_WHAT THE TASK REQUIRES_
Go to the line with "Decorative elements on" in the entries below and write out every line from there through the line with "Skydivers exit plane", exactly and without pictures.

_DATASET RECORDS_
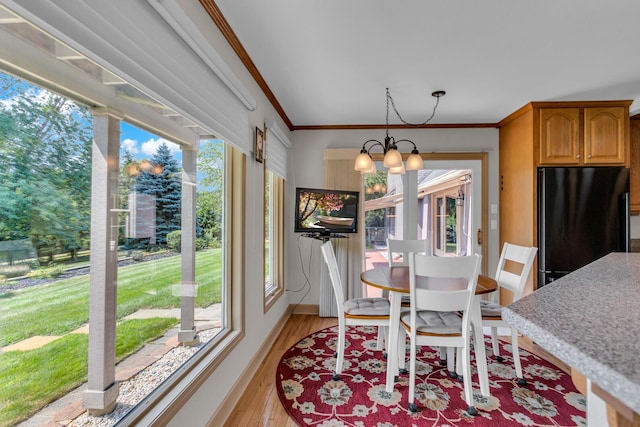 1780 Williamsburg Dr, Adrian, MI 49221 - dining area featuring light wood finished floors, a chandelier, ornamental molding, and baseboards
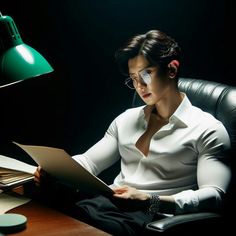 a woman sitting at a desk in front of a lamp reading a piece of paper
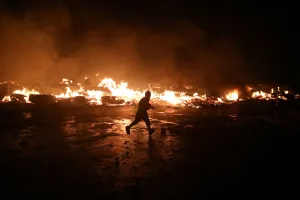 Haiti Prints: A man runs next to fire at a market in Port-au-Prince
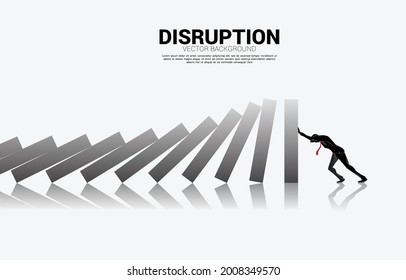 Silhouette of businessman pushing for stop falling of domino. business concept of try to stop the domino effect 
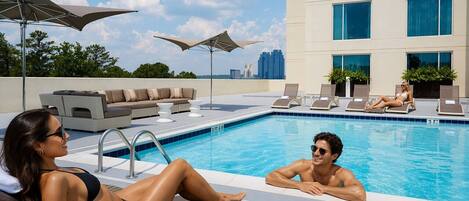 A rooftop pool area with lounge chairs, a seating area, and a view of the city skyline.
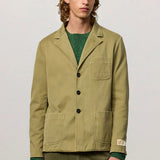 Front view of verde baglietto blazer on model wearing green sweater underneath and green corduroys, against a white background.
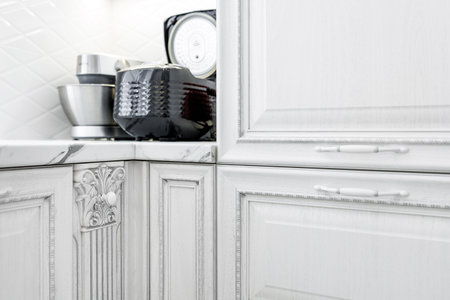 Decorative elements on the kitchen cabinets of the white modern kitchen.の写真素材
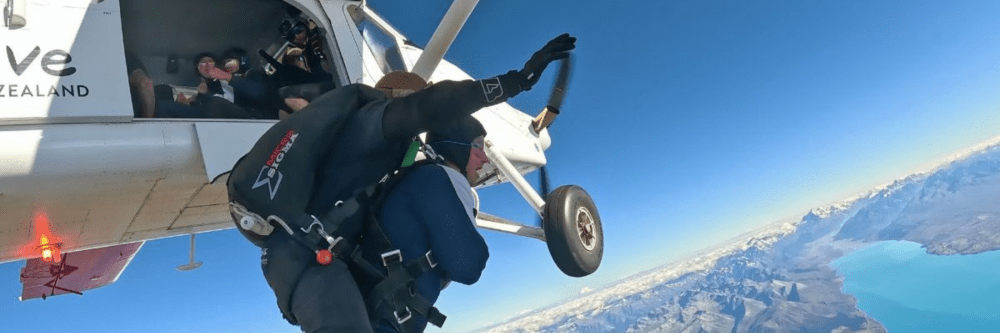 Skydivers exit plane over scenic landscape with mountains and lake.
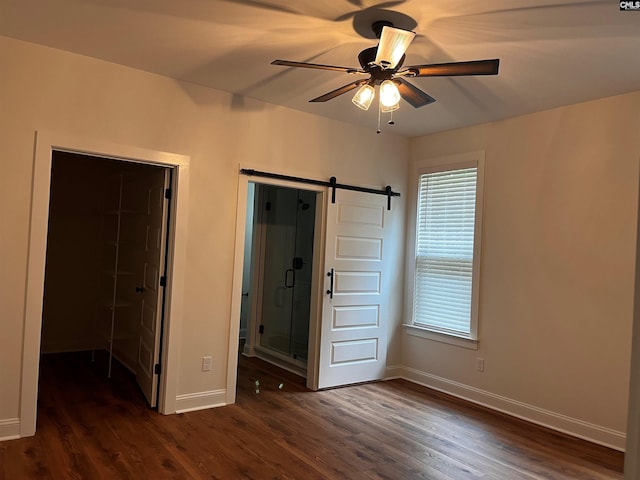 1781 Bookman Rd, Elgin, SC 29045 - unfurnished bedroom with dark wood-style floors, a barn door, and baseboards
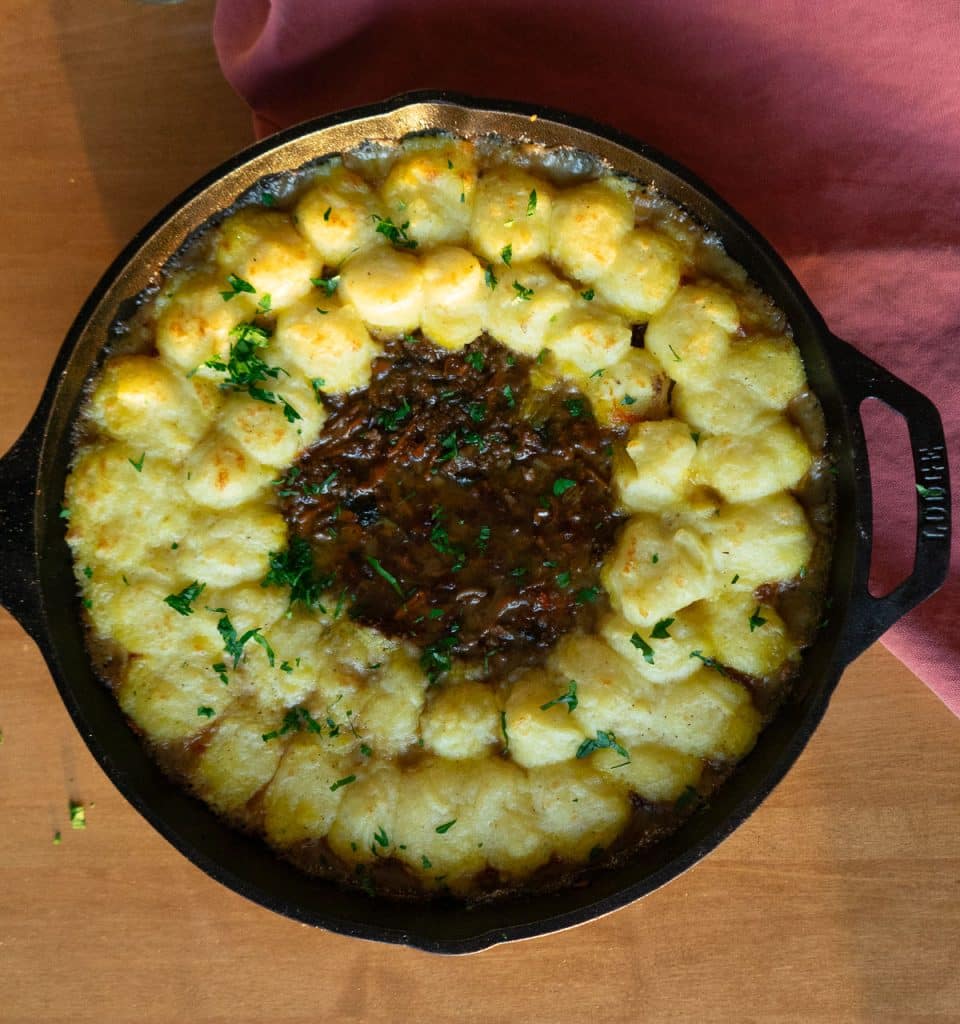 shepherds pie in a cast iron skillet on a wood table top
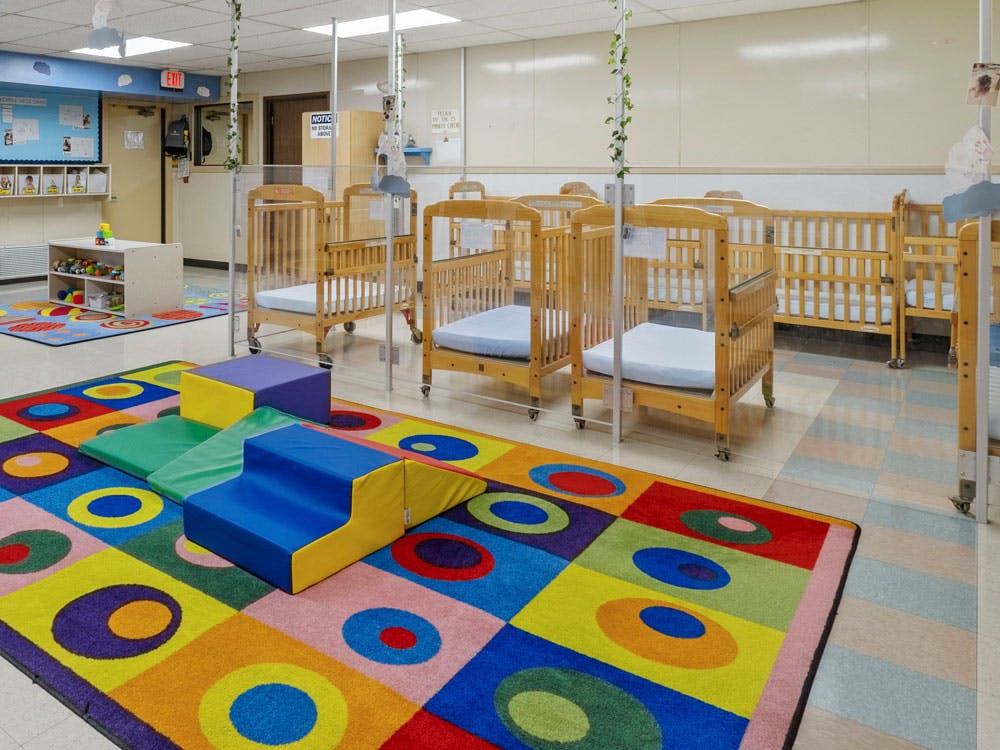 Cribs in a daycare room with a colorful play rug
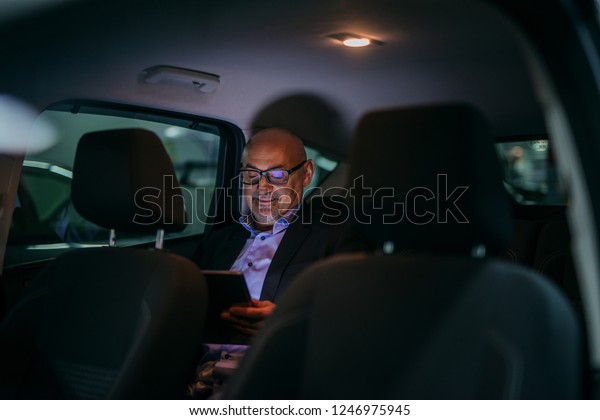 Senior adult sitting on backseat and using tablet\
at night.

_RESPONSE TO THIS EXERCISE_
 Decorative elements on the kitchen cabinets of the white modern kitchen.の写真素材
 Skydivers exit plane over scenic landscape with mountains and lake.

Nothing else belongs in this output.